Но потом Кизекочук подумал об отце, подумал о судьбе своего племени, о судьбе всех Пяти племен. Ведь старый сахем говорил правду, каждое его слово - точно удар томагавком или кинжалом из кровавого камня.
- Нет, - прошептал он.
- Нет, - эхом отозвалась она.
Их маниту все еще были сплетены воедино и мысли одного тут же становились мыслями другого. Они не могли этого сделать, не могли нарушить закон предков. Решение принято. Жаль только, что его приняли за них.

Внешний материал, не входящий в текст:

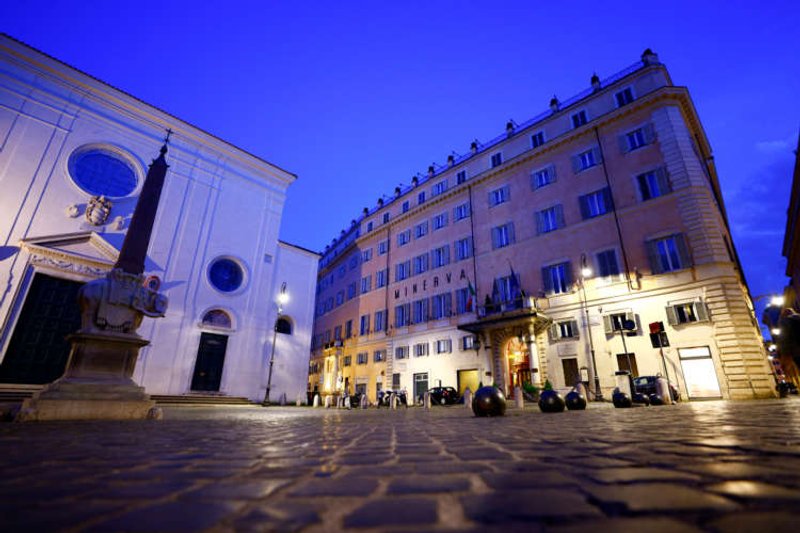 Image for Room with a view: Investors check out Italy’s top hotels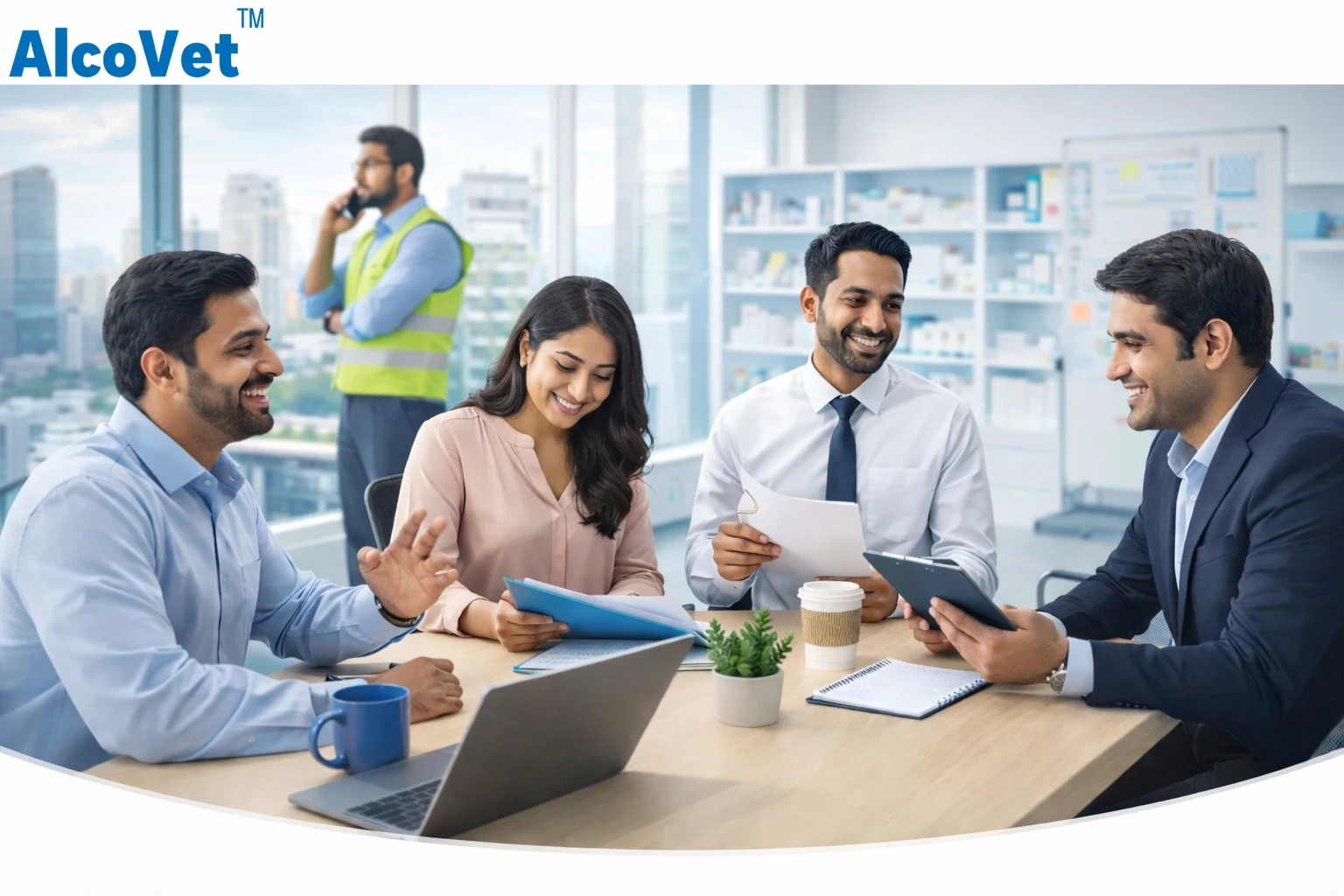 Careers at AlcoVet Healthcare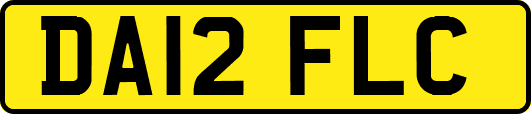 DA12FLC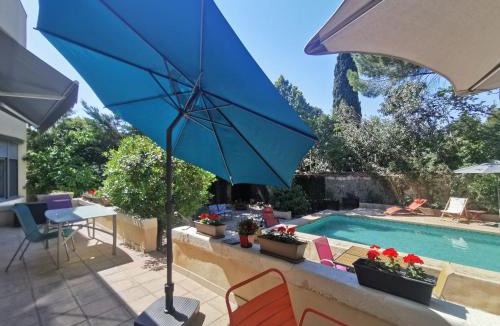 Route d'Arles Bed & Breakfast | Rougetomette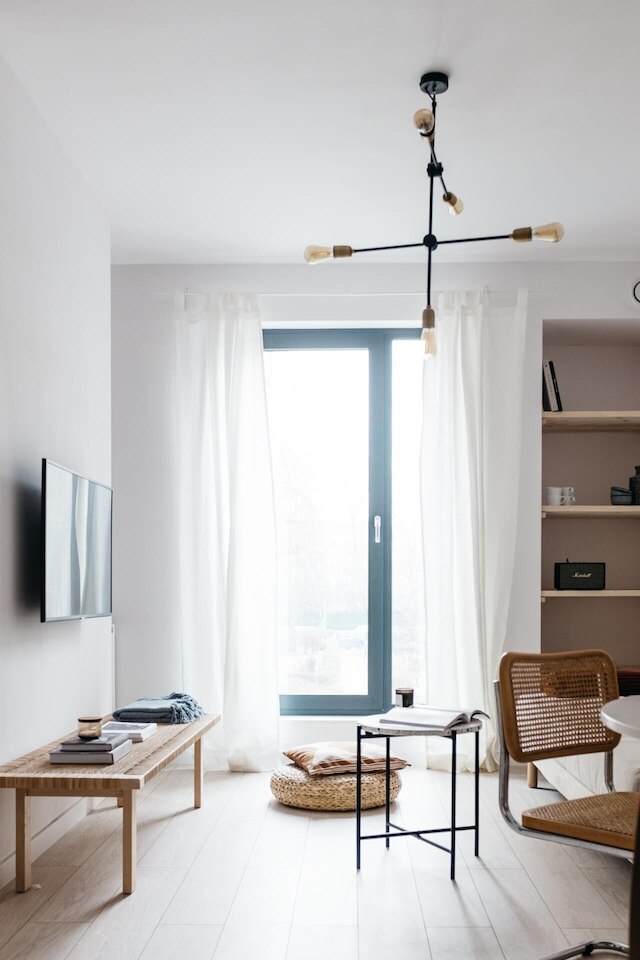 パウダー アパートメント - ロフトアフェア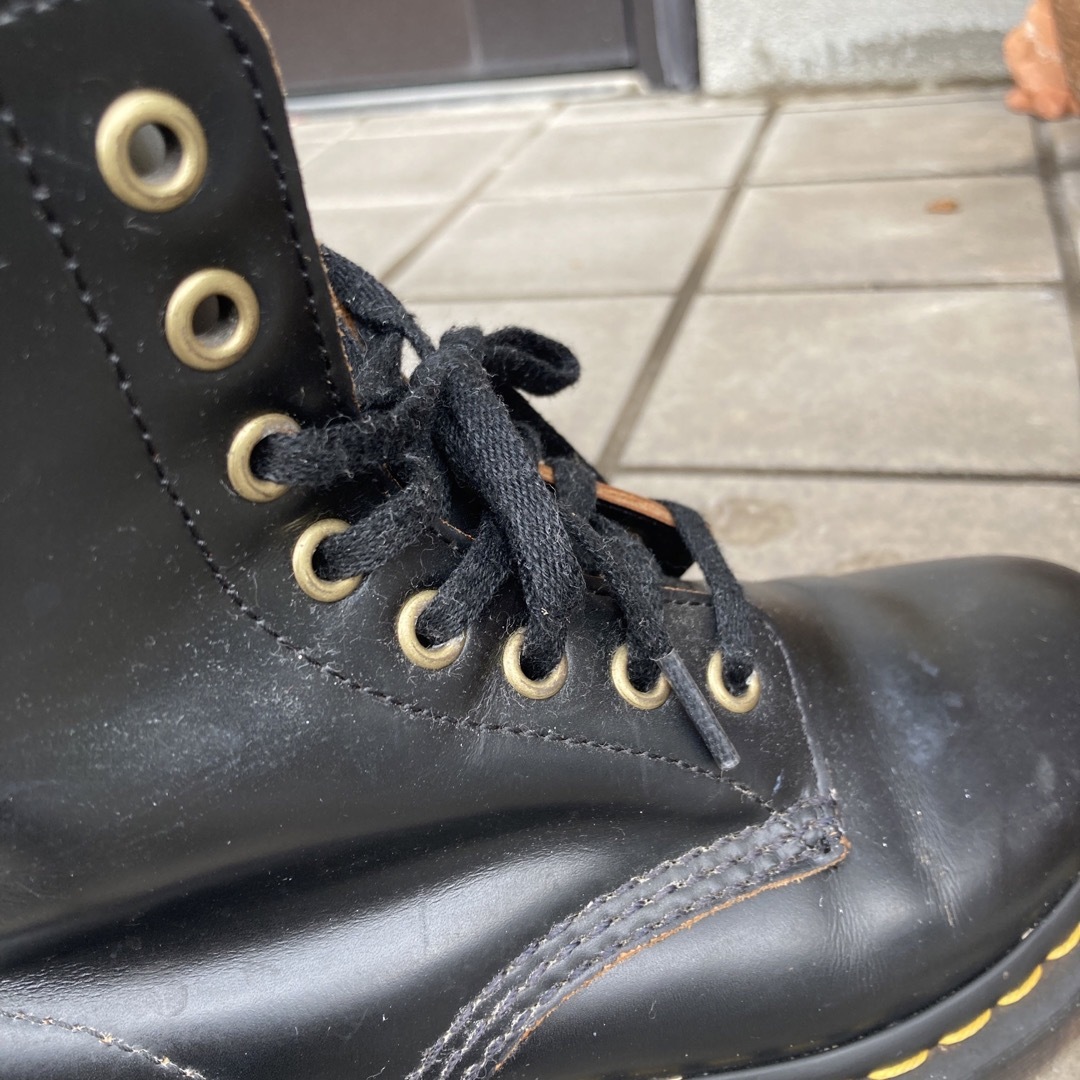 Dr.Martens(ドクターマーチン)のDr Martin ブーツ　サイズUK3 レディースの靴/シューズ(ブーツ)の商品写真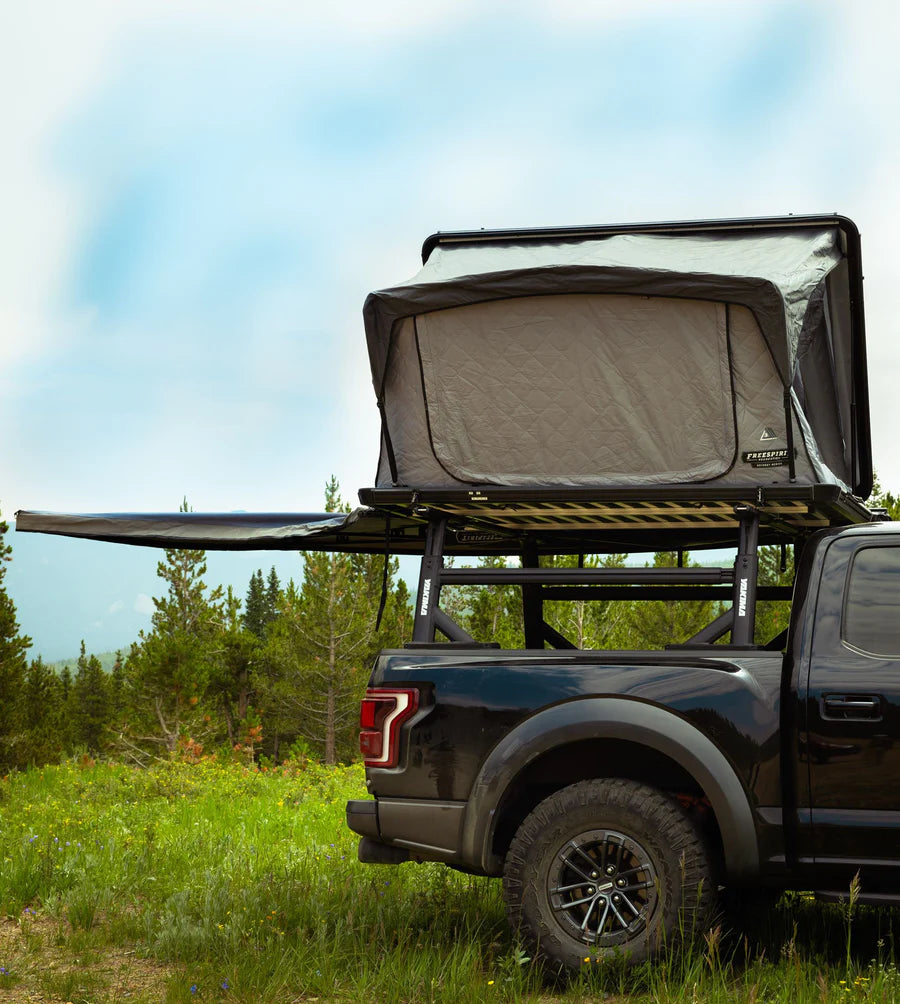 Freespirit Recreation Odyssey Hardshell Roof Top Tent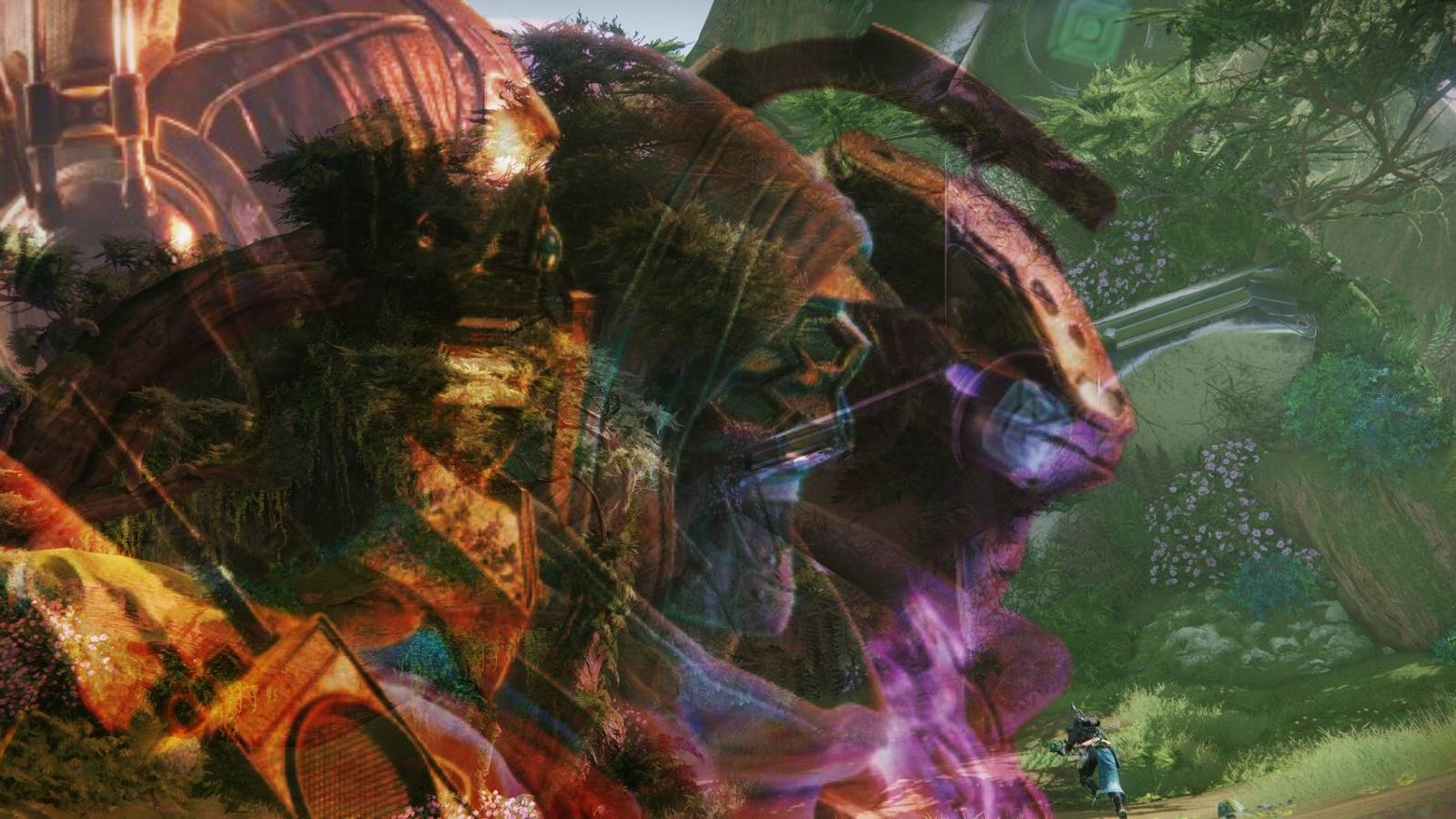 destiny 2 the final shape april 2024 big gameplay reveal hype good why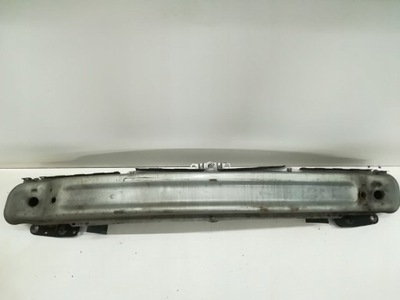 Балка бампера перед передняя renault laguna ii фото №1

Они в полчании просидели на стволе упавшей секвойи до середины ночи, пока Витэшна не начала мерзнуть. Влюбленные не проронили ни слова на всем пути до родной уоки, вошли в нее обнявшись. Да, их могли видеть и могли многое думать, учитывая, что уже все племя в курсе решения совета. Ну и пусть.
Кизекочук довел возлюбленную, которая больше не могла принадлежать ему, до овачиры Окэмэна. Через приоткрытый полог молодой воин увидел в полумраке неяркий очаг и старого могучего воина с выбеленной годами головой. Окэмэн был задумчив и Кизекочук мог бы поклясться, что точно знает, о чем думает глава древнего рода - сумела ли его дочь сохранить честь? Не преступила ли закон предков? Назло ему, назло его решению и всему миру?
«Ты можешь не опасаться, старый Окэмэен», - подумал Кизекочук. Он в последний раз коснулся щеки Витэшны, его пальцы скользнули по ее плечу, спустились по руке к запястью и сильно сжали его. Девушка всхлипнула, не отрывая от него глаз. В такие минуты слова излишни, ибо, как говорят шаманы, маниту двух тел переплетаются в единую ветвь Великого древа дважды - в миг неземного наслаждения и в час беспросветной печали. Но это больше не повторится, их тела теперь не принадлежат друг другу. Их маниту больше никогда не сольются воедино.
Она скрылась за пологом овачиры, изо всех сил удерживая у горла густой студенистый ком, сотканный из слез, крика, печали и злобы. Он не стал провожать ее взглядом, ни к чему.